**Activity**
Give back an exact copy of the listing that follows, without the pictures.
Start of Data section
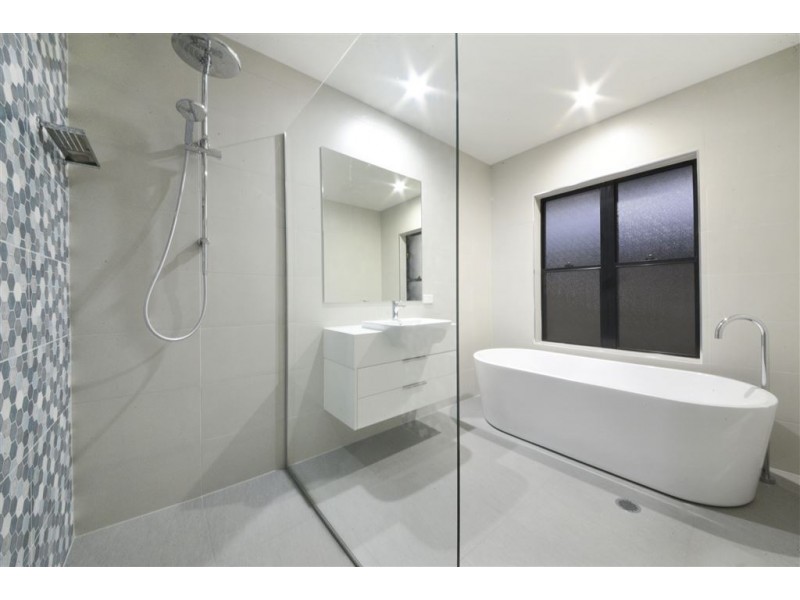 32 Stanley Drive, Cannon Valley QLD 4800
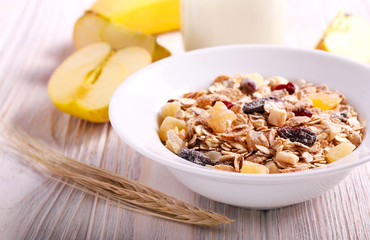 Fruit muesli with yogurt
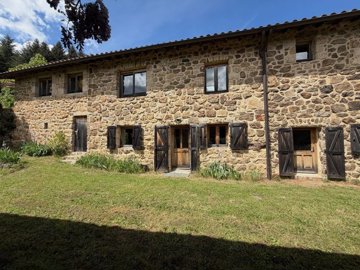 1 - Ardèche, Maison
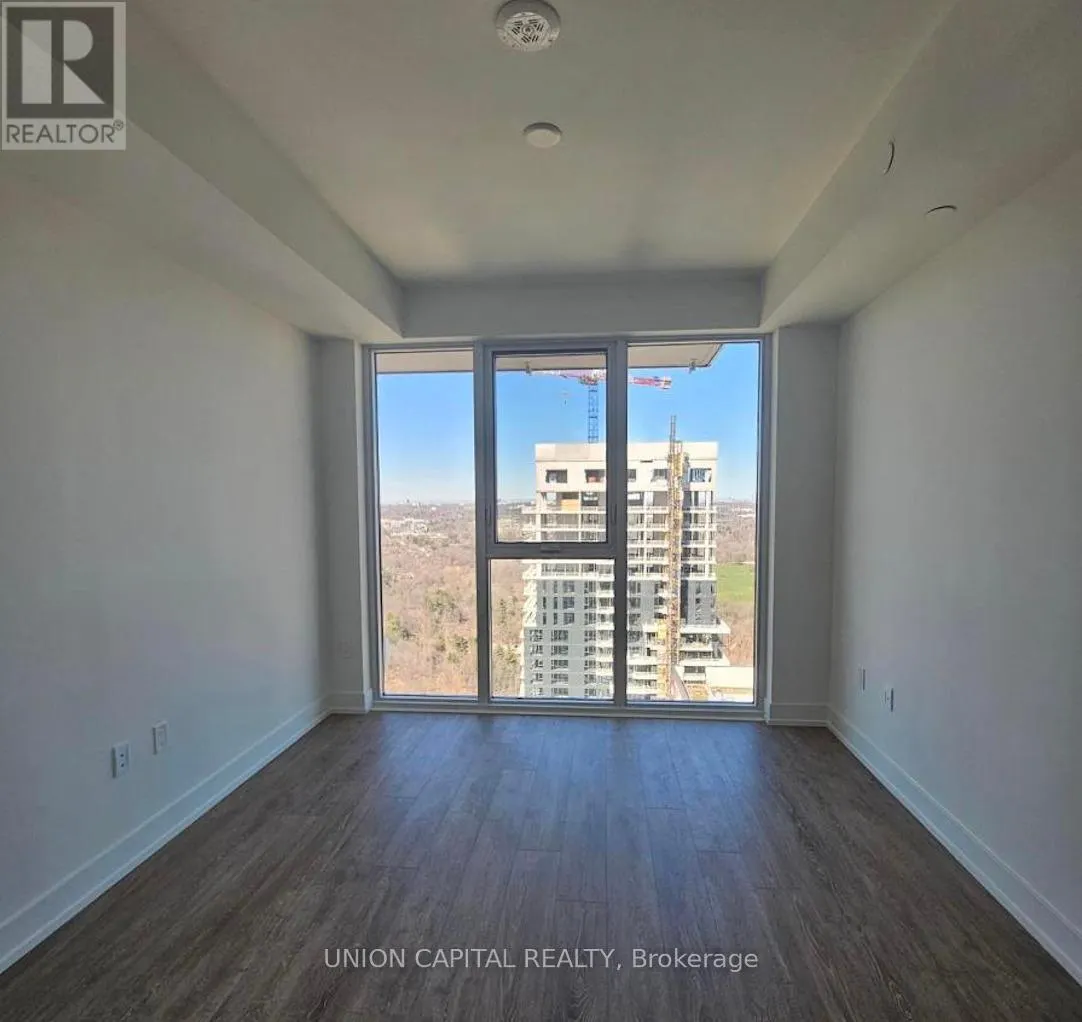 4102 - 30 INN ON THE PARK DRIVE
End of Data section
**Response to the task**
 32 Stanley Drive, Cannon Valley QLD 4800
 Fruit muesli with yogurt
 1 - Ardèche, Maison
 4102 - 30 INN ON THE PARK DRIVE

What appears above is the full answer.